Give me your mind, and I will give you mine.
Then, should it change, no heart will bleed or burn.
Give me your wits. I want no heart of thine.
You'll ask too much of life-blood in return.

We foiled self-seekers, we shattered fragments of personality, have devised ways to conceal our frustration and to keep impertinent curiosity from ascertaining whether the inner chamber of our lives contains a shrine or a tomb, or whether it is merely vacant. As for Don Marquis, he walks habitually in a defensive cloud of the humorous butterflies that his brain gives birth to; behind his whimsy moods and his satirical laughter he is, you will find if you pry into the matter, reticent—for a lyric poet, very reticent—about himself.

The only legitimate way to get at these reticent authors is to sit down before their complete works and read them straight through.
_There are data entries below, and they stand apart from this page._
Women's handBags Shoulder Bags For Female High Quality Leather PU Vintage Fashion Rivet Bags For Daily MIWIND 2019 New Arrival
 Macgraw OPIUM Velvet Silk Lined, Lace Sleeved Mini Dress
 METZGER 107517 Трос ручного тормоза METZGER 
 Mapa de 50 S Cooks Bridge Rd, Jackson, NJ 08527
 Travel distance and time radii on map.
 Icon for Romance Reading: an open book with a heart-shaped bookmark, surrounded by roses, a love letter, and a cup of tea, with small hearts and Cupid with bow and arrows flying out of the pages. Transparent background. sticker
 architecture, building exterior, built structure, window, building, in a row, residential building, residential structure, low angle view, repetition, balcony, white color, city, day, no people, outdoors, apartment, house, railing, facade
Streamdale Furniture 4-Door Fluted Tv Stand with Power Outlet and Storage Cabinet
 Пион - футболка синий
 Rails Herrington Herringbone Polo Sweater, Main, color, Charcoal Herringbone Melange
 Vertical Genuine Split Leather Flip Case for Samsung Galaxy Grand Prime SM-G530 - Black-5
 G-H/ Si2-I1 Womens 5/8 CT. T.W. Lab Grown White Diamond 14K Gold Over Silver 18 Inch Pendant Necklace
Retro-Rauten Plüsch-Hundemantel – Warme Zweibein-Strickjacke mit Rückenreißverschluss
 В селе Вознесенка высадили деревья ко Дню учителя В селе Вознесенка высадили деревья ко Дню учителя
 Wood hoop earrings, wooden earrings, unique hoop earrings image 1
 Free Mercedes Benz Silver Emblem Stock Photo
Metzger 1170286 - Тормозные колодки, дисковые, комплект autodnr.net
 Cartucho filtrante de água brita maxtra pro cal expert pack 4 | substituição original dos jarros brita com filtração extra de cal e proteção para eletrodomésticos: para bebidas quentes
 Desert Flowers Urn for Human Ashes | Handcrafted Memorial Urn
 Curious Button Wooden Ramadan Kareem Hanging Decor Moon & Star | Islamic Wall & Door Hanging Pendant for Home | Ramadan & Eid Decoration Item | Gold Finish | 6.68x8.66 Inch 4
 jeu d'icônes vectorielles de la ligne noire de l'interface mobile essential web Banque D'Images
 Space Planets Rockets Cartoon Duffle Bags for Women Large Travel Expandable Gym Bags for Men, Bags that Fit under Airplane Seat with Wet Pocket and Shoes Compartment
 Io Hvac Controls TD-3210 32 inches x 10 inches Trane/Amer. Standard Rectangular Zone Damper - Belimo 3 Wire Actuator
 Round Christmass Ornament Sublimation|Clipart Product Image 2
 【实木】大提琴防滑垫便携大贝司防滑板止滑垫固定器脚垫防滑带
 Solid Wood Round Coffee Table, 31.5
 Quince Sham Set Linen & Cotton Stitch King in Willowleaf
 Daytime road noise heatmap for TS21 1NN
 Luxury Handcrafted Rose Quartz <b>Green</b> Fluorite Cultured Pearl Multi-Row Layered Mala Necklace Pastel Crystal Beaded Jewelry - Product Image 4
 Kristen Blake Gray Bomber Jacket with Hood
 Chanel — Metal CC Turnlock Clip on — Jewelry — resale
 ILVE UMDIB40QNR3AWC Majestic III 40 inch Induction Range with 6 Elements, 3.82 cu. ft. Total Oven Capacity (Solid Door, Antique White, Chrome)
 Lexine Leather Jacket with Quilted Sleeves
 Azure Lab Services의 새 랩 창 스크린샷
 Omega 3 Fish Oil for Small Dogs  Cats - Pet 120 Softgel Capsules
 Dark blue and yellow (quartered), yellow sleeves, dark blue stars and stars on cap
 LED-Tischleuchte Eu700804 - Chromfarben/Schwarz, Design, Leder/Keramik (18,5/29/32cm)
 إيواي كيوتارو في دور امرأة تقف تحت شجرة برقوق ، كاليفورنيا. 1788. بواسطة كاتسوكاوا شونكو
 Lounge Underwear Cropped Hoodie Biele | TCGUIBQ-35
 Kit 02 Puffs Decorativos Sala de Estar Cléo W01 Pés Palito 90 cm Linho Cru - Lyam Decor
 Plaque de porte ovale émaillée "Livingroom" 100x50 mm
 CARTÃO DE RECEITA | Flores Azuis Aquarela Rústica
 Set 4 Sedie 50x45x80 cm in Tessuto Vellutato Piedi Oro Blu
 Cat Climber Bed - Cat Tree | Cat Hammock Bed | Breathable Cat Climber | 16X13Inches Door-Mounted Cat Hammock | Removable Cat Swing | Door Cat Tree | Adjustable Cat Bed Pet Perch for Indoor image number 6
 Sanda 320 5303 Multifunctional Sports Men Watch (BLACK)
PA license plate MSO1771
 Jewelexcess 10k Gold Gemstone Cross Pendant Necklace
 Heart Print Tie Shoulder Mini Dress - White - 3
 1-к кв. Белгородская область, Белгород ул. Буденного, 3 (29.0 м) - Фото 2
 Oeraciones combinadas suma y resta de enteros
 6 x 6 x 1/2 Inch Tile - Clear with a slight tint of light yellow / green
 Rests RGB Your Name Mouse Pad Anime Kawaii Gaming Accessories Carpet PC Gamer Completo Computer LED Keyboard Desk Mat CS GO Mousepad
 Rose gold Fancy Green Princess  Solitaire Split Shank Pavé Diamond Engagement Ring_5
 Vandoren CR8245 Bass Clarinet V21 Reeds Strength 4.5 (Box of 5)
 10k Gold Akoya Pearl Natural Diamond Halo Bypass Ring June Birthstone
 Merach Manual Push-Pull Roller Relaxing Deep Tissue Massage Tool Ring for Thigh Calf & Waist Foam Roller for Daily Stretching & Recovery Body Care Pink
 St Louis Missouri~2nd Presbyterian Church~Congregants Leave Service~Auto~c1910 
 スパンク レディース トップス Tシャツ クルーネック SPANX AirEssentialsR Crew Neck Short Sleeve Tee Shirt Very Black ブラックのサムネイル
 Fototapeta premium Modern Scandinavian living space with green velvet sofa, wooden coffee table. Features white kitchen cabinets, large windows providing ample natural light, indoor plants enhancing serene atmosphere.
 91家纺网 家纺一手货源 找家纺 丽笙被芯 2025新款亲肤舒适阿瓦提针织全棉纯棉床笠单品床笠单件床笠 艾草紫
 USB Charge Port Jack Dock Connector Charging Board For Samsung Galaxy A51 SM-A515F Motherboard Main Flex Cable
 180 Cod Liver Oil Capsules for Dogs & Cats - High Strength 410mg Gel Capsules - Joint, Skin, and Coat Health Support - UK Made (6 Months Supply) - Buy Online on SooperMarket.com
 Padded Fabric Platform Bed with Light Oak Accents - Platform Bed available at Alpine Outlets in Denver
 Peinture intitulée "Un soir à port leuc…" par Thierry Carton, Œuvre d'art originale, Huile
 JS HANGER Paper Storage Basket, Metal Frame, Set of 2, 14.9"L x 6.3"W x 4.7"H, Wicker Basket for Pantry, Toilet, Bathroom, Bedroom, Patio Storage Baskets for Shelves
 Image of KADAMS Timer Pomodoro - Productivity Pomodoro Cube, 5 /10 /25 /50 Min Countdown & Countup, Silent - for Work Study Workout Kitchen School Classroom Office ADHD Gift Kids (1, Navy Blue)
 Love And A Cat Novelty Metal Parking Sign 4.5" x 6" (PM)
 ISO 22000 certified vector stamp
It is infinitely better sport than cross-word puzzles, I conjecture, never having tried the latter. It is like big game hunting, when you get a soul at bay. When you have done that, you are in a position to tell the author all sorts of things about himself which he doesn't know—some of which may be true. I have tried this method with Don Marquis, and shall report my discoveries presently. But first let us consider the immediate occasion for subjecting a humorist to treatment so cruel and so unusual.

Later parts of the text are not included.